---------- Available data ----------

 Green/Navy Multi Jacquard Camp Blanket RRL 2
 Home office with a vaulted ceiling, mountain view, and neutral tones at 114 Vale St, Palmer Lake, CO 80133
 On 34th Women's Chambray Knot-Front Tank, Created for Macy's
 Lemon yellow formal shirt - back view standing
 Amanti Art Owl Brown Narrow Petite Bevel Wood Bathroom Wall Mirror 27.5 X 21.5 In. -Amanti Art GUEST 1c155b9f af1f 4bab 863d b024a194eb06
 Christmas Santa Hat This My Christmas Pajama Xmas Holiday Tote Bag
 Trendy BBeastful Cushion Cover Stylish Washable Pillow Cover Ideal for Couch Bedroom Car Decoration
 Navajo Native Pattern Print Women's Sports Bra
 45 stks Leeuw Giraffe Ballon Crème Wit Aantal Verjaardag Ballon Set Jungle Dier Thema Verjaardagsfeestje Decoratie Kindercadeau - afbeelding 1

----------
---------- Available data ----------

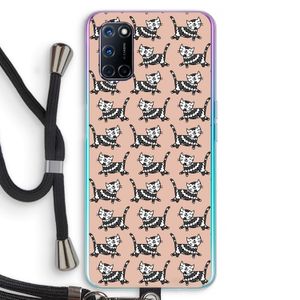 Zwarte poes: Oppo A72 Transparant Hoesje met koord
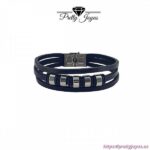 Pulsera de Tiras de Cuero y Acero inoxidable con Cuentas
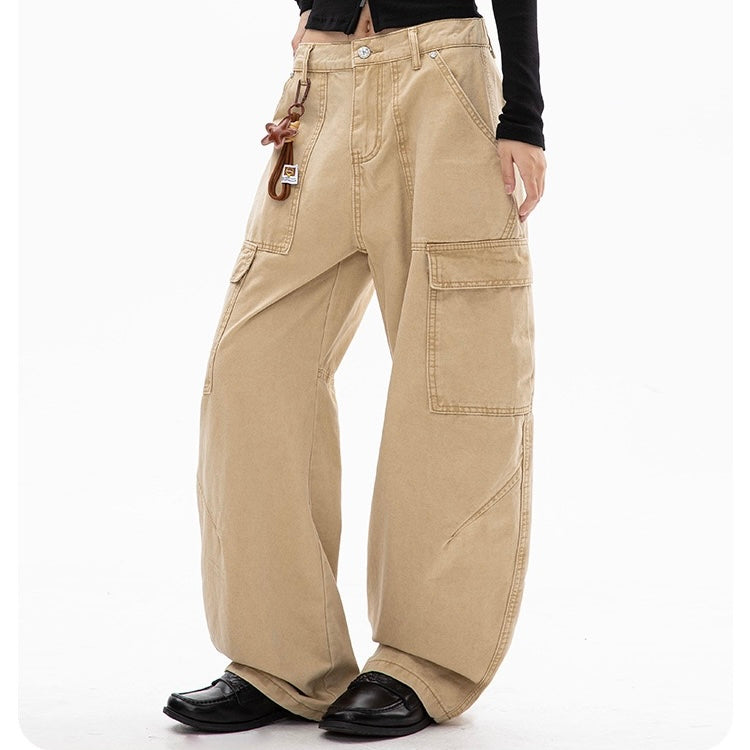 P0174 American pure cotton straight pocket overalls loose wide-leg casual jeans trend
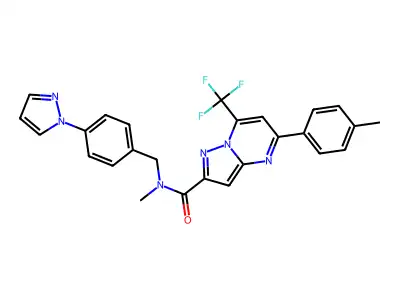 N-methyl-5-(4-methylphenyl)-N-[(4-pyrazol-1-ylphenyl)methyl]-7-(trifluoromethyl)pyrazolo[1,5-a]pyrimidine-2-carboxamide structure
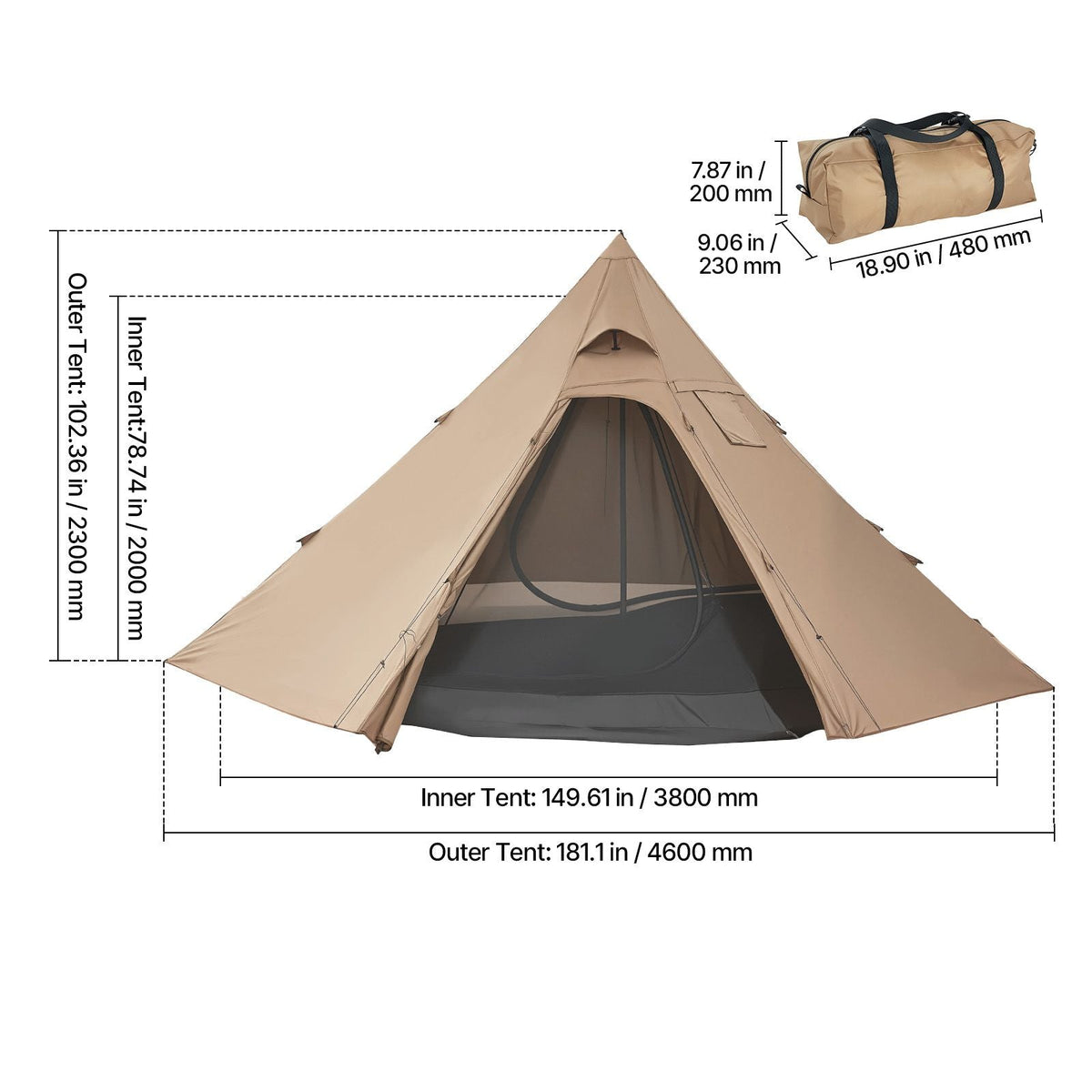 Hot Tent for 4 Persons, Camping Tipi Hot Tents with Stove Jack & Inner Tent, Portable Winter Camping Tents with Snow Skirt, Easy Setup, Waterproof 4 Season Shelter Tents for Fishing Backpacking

----------

▶ _How to complete this task_
Copy the lines that hold the word "view". Take them from the records above.

▶ _Result_
 Home office with a vaulted ceiling, mountain view, and neutral tones at 114 Vale St, Palmer Lake, CO 80133
 Lemon yellow formal shirt - back view standing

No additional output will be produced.